◆ Requirement
Only one stretch of lines is wanted: the line with "Thank you. I" through the final line of the material. Restate it word for word, minus pictures.

◆ Provided records
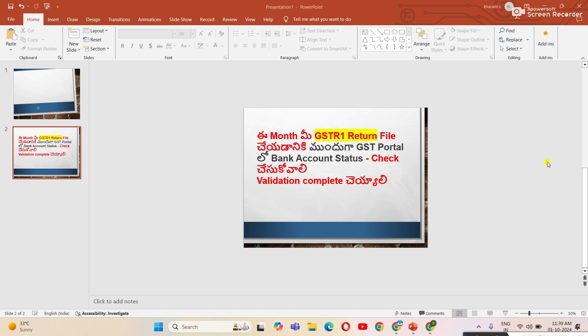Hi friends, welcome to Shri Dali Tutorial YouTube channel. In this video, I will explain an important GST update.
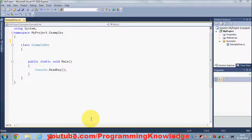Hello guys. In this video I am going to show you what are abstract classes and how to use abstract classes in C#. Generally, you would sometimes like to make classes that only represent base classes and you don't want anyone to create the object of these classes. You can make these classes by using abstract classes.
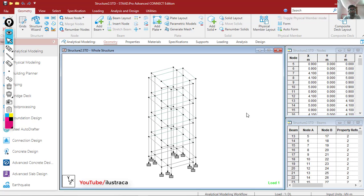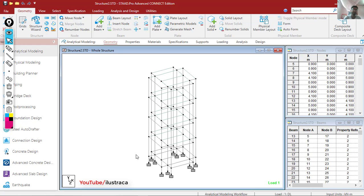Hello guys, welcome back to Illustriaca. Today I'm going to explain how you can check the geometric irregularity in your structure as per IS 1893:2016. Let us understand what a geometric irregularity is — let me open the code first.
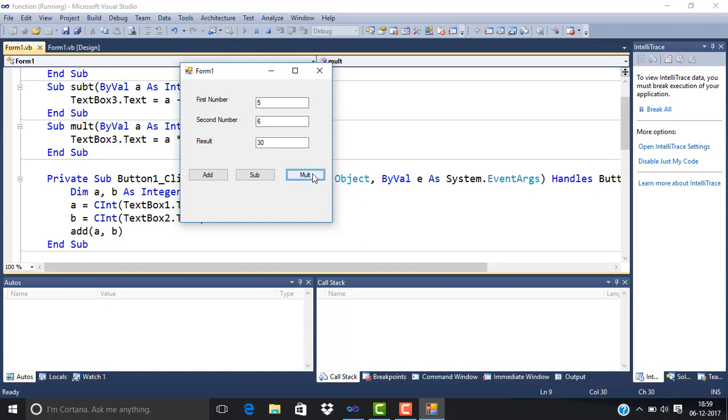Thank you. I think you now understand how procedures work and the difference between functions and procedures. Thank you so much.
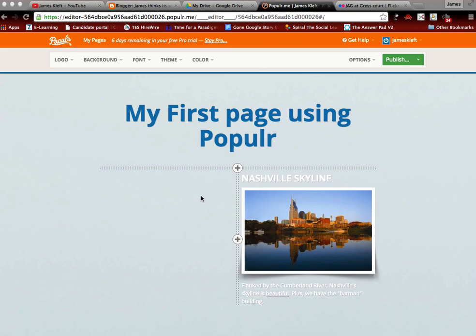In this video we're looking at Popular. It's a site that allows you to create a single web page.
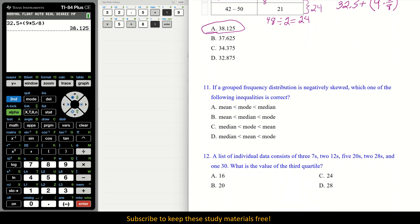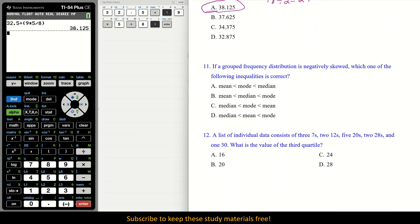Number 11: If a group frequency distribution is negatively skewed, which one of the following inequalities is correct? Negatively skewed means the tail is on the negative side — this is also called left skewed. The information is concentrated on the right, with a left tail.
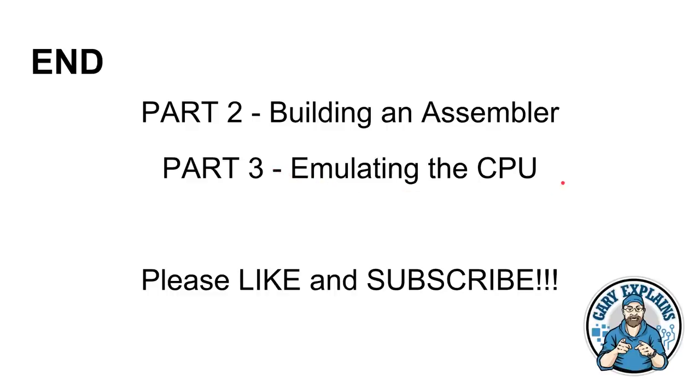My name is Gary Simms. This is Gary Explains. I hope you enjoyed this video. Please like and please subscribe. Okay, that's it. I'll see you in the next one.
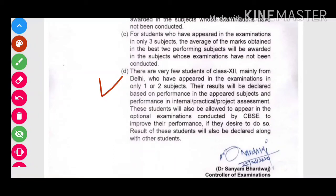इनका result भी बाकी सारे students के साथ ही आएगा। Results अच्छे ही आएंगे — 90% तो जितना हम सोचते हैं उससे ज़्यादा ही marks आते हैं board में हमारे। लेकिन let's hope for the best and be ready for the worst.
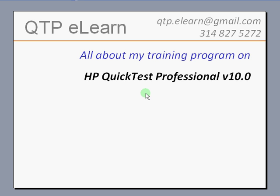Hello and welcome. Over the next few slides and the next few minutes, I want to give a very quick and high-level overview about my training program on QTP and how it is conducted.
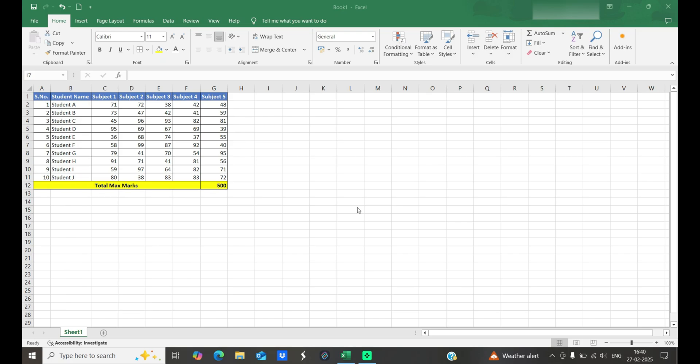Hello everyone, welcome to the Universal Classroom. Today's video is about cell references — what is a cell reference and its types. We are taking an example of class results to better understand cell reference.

◆ Reply to the exercise
Thank you. I think you now understand how procedures work and the difference between functions and procedures. Thank you so much.
In this video we're looking at Popular. It's a site that allows you to create a single web page.
Number 11: If a group frequency distribution is negatively skewed, which one of the following inequalities is correct? Negatively skewed means the tail is on the negative side — this is also called left skewed. The information is concentrated on the right, with a left tail.
My name is Gary Simms. This is Gary Explains. I hope you enjoyed this video. Please like and please subscribe. Okay, that's it. I'll see you in the next one.
इनका result भी बाकी सारे students के साथ ही आएगा। Results अच्छे ही आएंगे — 90% तो जितना हम सोचते हैं उससे ज़्यादा ही marks आते हैं board में हमारे। लेकिन let's hope for the best and be ready for the worst.
Hello and welcome. Over the next few slides and the next few minutes, I want to give a very quick and high-level overview about my training program on QTP and how it is conducted.
Hello everyone, welcome to the Universal Classroom. Today's video is about cell references — what is a cell reference and its types. We are taking an example of class results to better understand cell reference.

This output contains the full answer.